I tried something like this but as you point out, it doesn't work.

> Unfortunately, Ruby 1.8 doesn't appear to support passing anything other
> than a file name to Zlib::GzipReader.open, and Ruby 1.9 seems to always
> reset the file position to the beginning of the file prior to starting
> extraction when you really need it to just start working from the
> current position.  So it doesn't appear that you can do this with the
> standard library.
 
That's what it looks like, yes. Bummer.

> As part of a ZIP library I wrote, there is a more general implementation
> of a Zlib stream filter.  Install the archive-zip gem and then try the
> following:
> 
> gem 'archive-zip'
> require 'archive/support/zlib'
> 
> File.open('gzipped.blobs') do |f|
>   until f.eof? do
>     Zlib::ZReader.open(f, 15 + 16) do |gz|
>       gz.delegate_read_size = 1
>       puts gz.read
>     end
>   end
> end
> 
> 
> This isn't super efficient because we have to hack the
> delegate_read_size to be 1 byte in order to ensure that the trailing
> gzip data isn't sucked into the read buffer of the current ZReader
> instance and hence lost between iterations.  It shouldn't be too bad
> though since the File object should be handling its own buffering.

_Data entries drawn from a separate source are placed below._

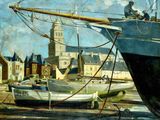 un tableau représentant un bateau dans un port, avec une église en arrière-plan
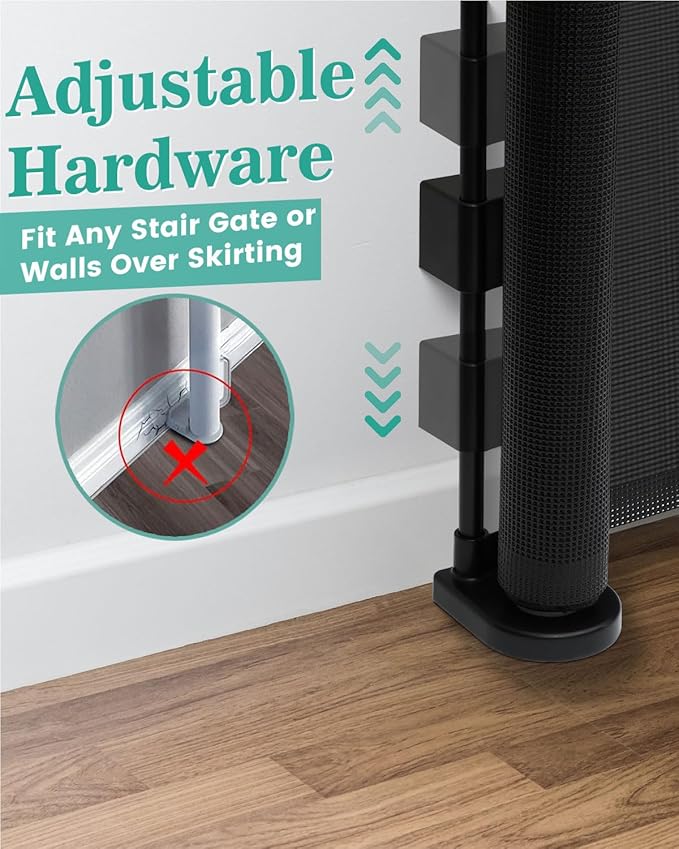 59 inch Retractable Baby Gates 34 inch Tall, Retractable Gate with Reinforced Strip Design to Prevent Crawling Through, 5 FT Retractable Dog Gate for Stairs, Doorways, Hallways, Indoor/Outdoor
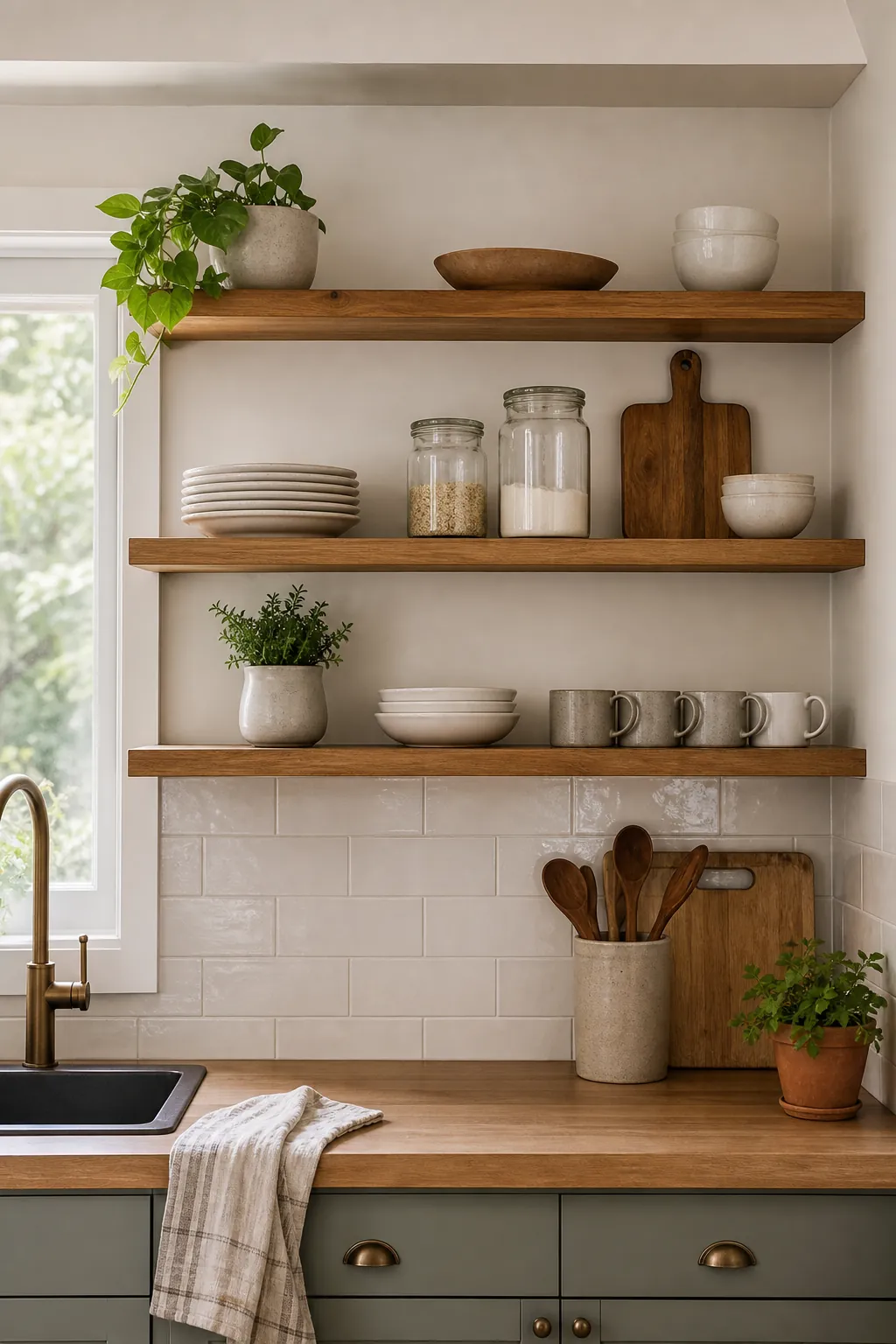 Open kitchen shelf styling with stacks, canisters, cutting boards, and breathing room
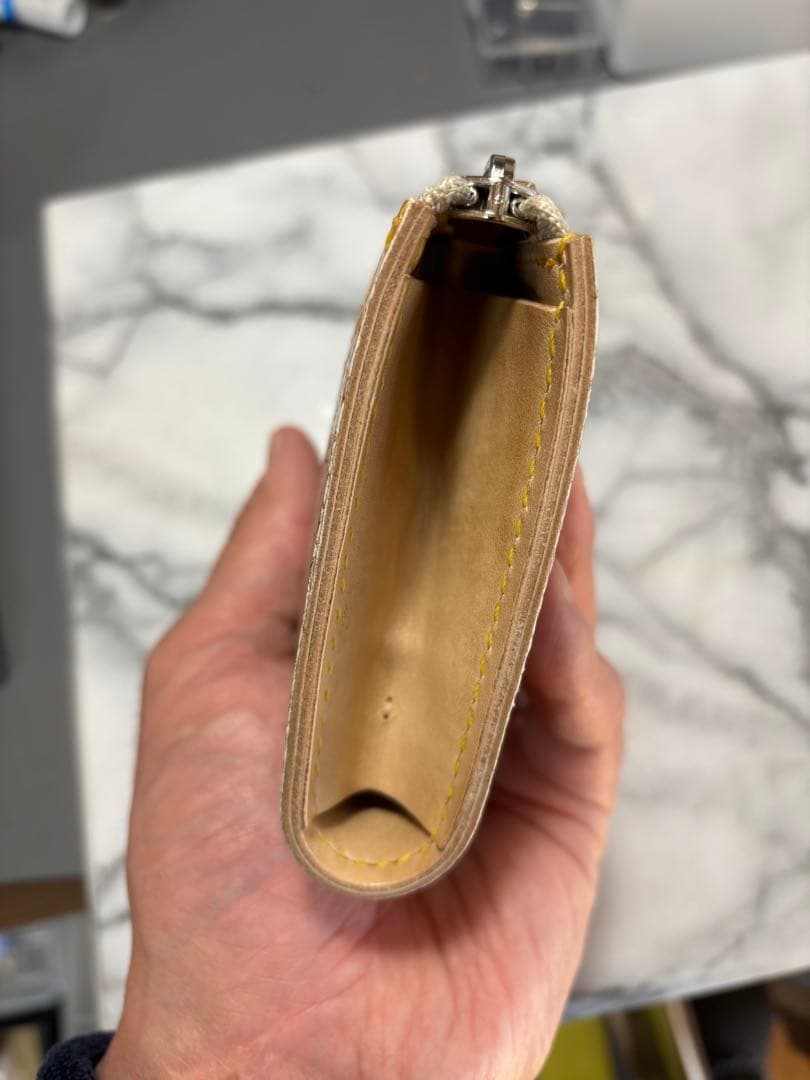 パイソン革L字ファスナーウォレット(イエロー)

This works, but sadly it is very slow. Whereas zcat takes under a second on my
test file, this code takes about 17 seconds.

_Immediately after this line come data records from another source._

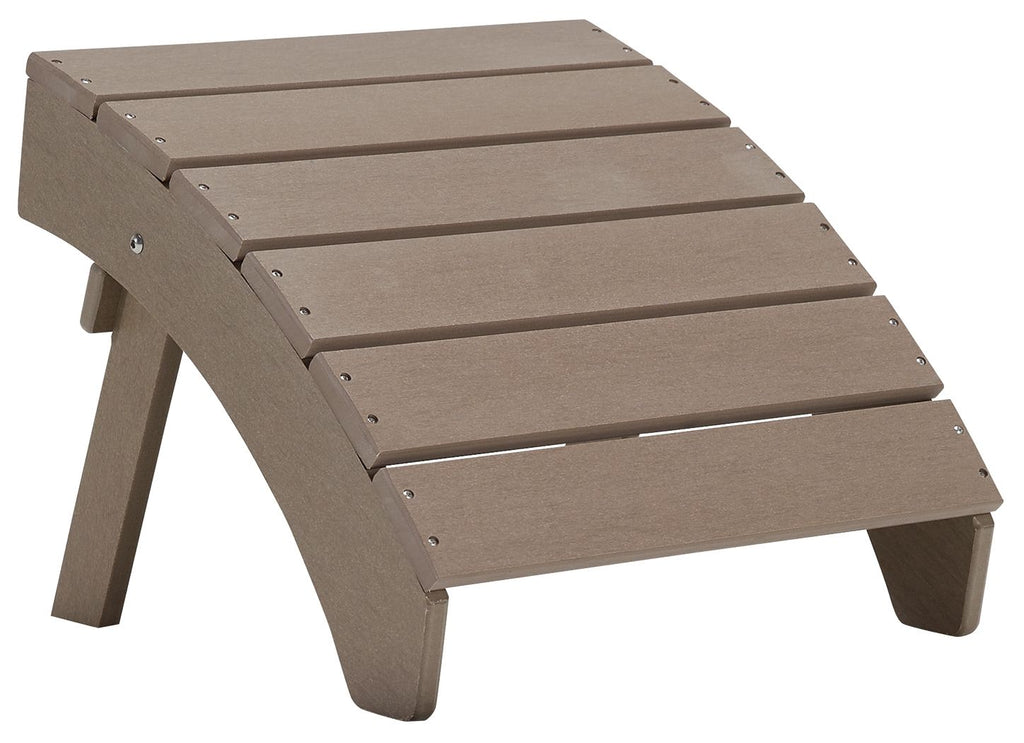 Driftwood wooden slat ottoman with four short legs, taupe seat top.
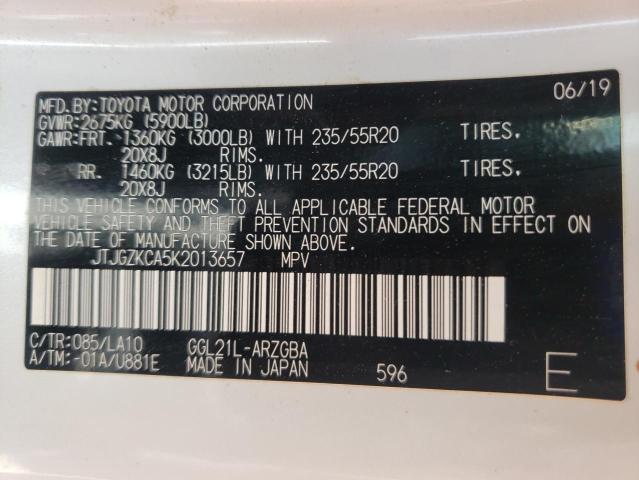 Photo 10 from auction – 2019 LEXUS RX 350 with VIN JTJGZKCA5K2013657
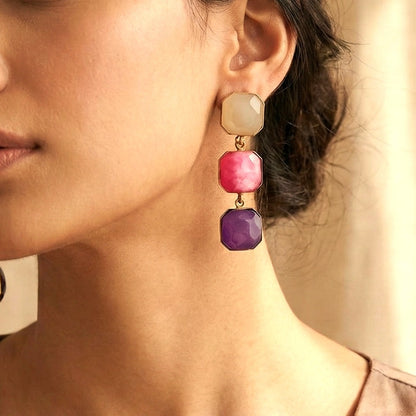 Evara: Tri Color Stone Brass Earrings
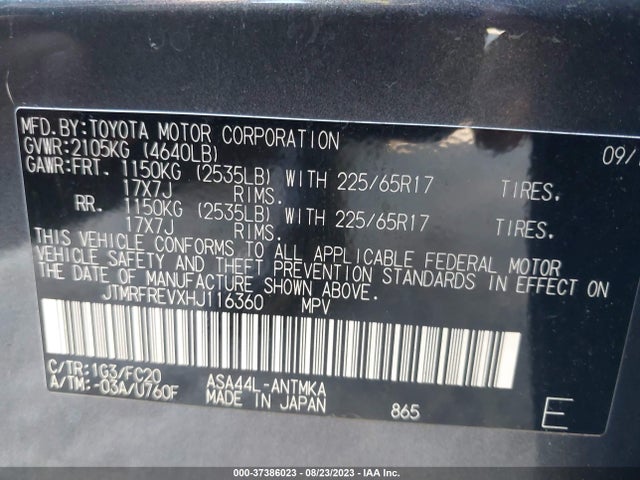 2017 TOYOTA RAV4 XLE VIN: JTMRFREVXHJ116360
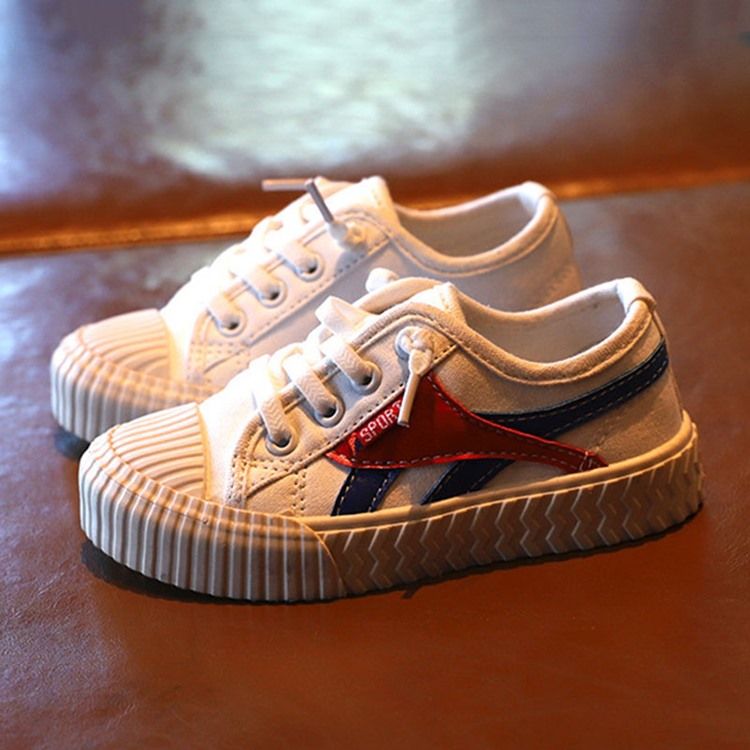 Color Block Tråd Rund Toe Sneakers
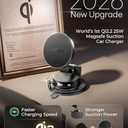 LISEN Qi2.2 25W Magsafe Car Mount Charger, [2026 Upgrade Bigger Suction Cup & Faster Charging Speed]360 Vacuum Suction Cup Phone Mount, Wireless Car Charger, 25W for iPhone 17 16 (Ios26),15W for 15-12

> BTW, I wrote some pretty detailed documentation for Zlib::ZReader.  It
> should explain what the 15 + 16 is all about in the open method in case
> you need to tweak things for your own streams.

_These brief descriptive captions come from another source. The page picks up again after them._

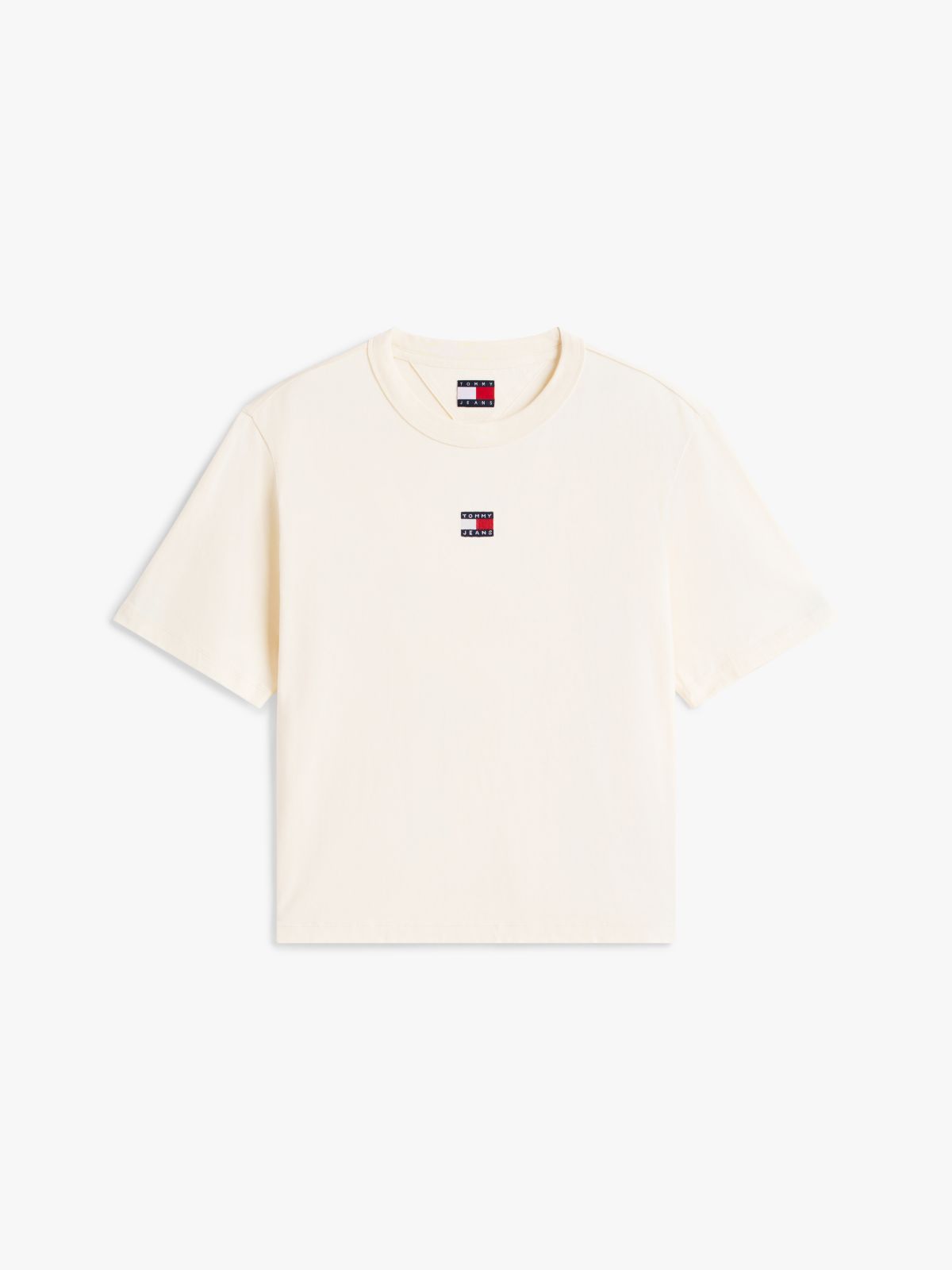 Tommy Badge Boxy Crew Neck T-Shirt — Beige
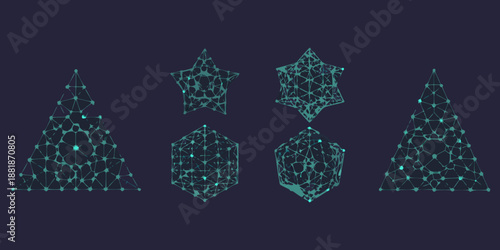 a collection of geometric shapes made of lines and dots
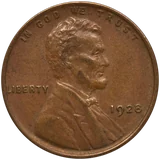 1928 Lincoln Wheat cent (no mint mark, Philadelphia), obverse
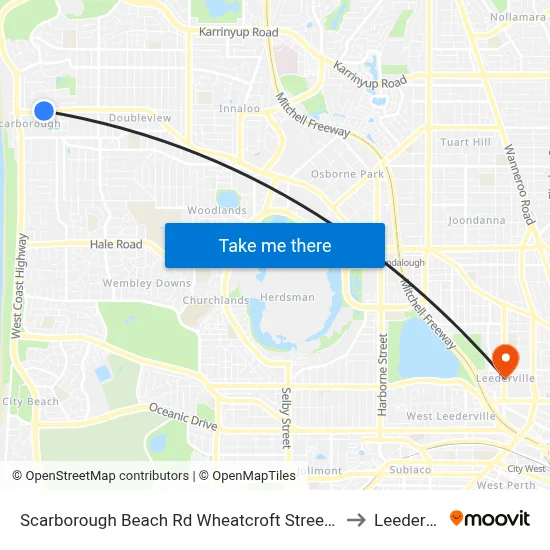 Scarborough Beach Rd Wheatcroft Street Cat Id 22 to Leederville map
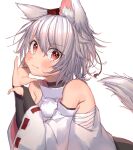animal_humanoid armwear bare_shoulders black_armwear black_bridal_gauntlets black_clothing blush bridal_gauntlets canid canid_humanoid canine canine_humanoid chest_wraps clothing cute_fangs detached_sleeves fangs female grey_hair hair hat headgear headwear hi_res humanoid inner_ear_fluff looking_at_viewer mammal mammal_humanoid masanaga_(tsukasa) momiji_inubashiri one_fang red_eyes shirt short_hair simple_background solo tail teeth tokin_hat topwear touhou tuft white_background white_clothing white_shirt white_topwear wolf_humanoid wraps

Great. But I didn't have to tweak anything, it just worked :)

> > On a related note, Zlib::GzipReader#{pos,tell} returns the position in the
> > output stream (zstream.total_out) whereas I am looking for the position in
> > the input stream. I tried making zstream.total_in available but the value
> > appears to be 18 bytes short in my test file, that is, the next header is
> > found 18 bytes beyond what zstream.total_in reports.
> 
> I think total_in is counting only the compressed data; however,
> following the compressed data is a trailer as required for gzip blobs.
> You could probably always add 18 to whatever you get, but as I noted
> earlier, the implementation of GzipReader seems to always reset any file
> object back to the beginning of the stream rather than start processing
> it from an existing position.  I can't find any documentation listing a
> way to force GzipReader to jump to any other file position after
> initialization either.

Yeah, you'd have to feed GZipReader the right part of the input stream
yourself and figure out how much it processed. Something tells me it's not
always 18 but depends on internal buffering, which would invalidate the
assumption of a fixed offset.

> > Does anybody know how to make the library return the correct offset into the
> > input stream so multiple compressed blobs can be handled?
> 
> Hopefully, my solution will work for you because I don't think the
> current implementation in the standard library will do what you need.
 
It does, but it's very slow. Sigh.

Thanks again, Jeremy.

Cheers,
Jos
-- 
Jos Backus
jos at catnook.com